Ce qui frappe, dans ses récits, c’est l’esprit d’équipe qui l’anime, et qui se retrouve dans toutes les équipes de pionniers. Il rappelle le rôle des épouses de ceux qui font un métier dangereux : elles sont un facteur d’équilibre essentiel.
Il explique l’importance du détail et de l’analyse fine, et son souci constant de compréhension des phénomènes qu’il observe. Il montre l’obligation, pour les pilotes d’essai, d’être capable de prendre des décisions rapidement.
Il a aussi utilisé ce talent dans sa vie en saisissant rapidement les opportunités qui lui étaient proposées.
LA FOI EN L’IMMORTALITÉ
Dans le dernier chapitre du tome II de ses Mémoires, André Turcat exprime ses convictions religieuses : « Au-delà des atteintes de la raison pure mais sans la contredire, je crois en un Dieu vivant, aimant sa créature et l’attendant au “dernier virage” comme je me suis souvent annoncé en tour de piste, un Fils Christ (= oint comme un roi), incarné et intemporé, dont nous connaissons l’histoire et dont nous savons et ressentons la présence par Son Esprit dit “consolateur”.
Et, en fin de compte, oui, cher interlocuteur ou lecteur, je suis croyant en l’éternité intemporelle et bienheureuse de ceux qui ne refuseront pas ce bonheur, parce que même si notre enveloppe doit finalement pourrir, nous sentons bien que quelque chose en nous est immortel, et pas comme un Académicien. »

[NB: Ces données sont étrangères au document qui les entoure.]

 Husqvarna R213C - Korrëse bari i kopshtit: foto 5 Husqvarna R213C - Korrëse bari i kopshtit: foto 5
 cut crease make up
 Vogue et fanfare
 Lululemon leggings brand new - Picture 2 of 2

Dans son tome II, André Turcat raconte en toute humilité quelques-unes des erreurs qu’il a commises et montre par là que le pilote le plus expérimenté n’est pas à l’abri de petites défaillances. Il s’émerveille devant la beauté de l’univers contemplé durant les vols à haute altitude et lors des voyages dans le monde entier.

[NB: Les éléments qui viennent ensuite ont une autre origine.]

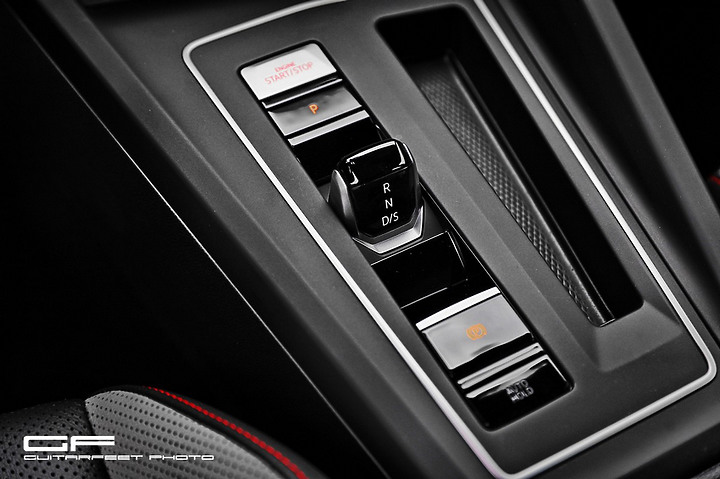 --科技鋼砲-- Volkswagen Golf 8 GTI 理性與感性之交錯 圖文分享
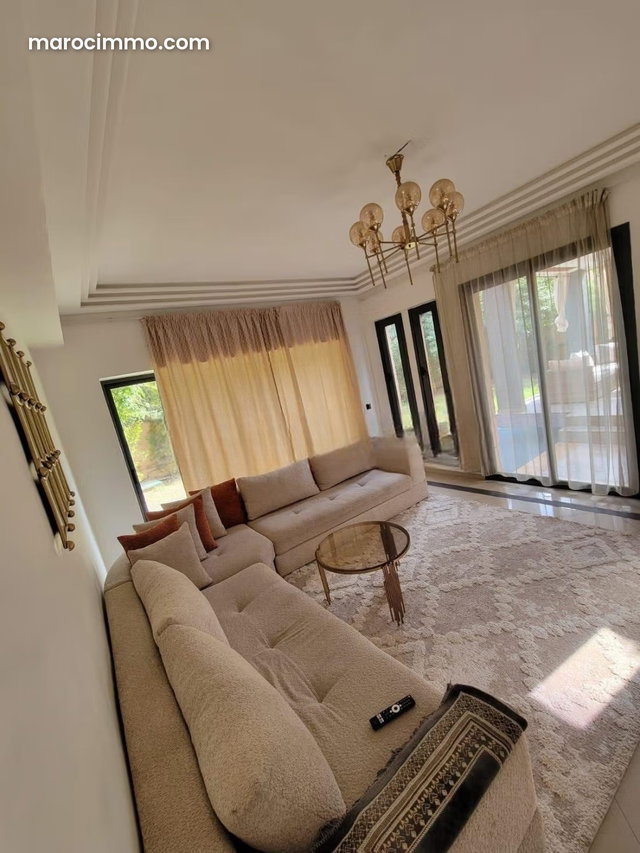 STANDING VILLA with VNA — 2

Mais son dernier chapitre ramène à la spiritualité : André Turcat est convaincu que l’amour est essentiel pour donner du sens à la vie. « L’amour est invisible comme l’est l’attraction universelle », affirme-t-il.
Nous voyons, derrière le pilote renommé, un homme d’une grande profondeur et un poète sachant transmettre ses émotions.
André Turcat était grand officier de la Légion d’honneur et grand-croix de l’ordre national du Mérite, et également commandeur de l’ordre de l’Empire britannique.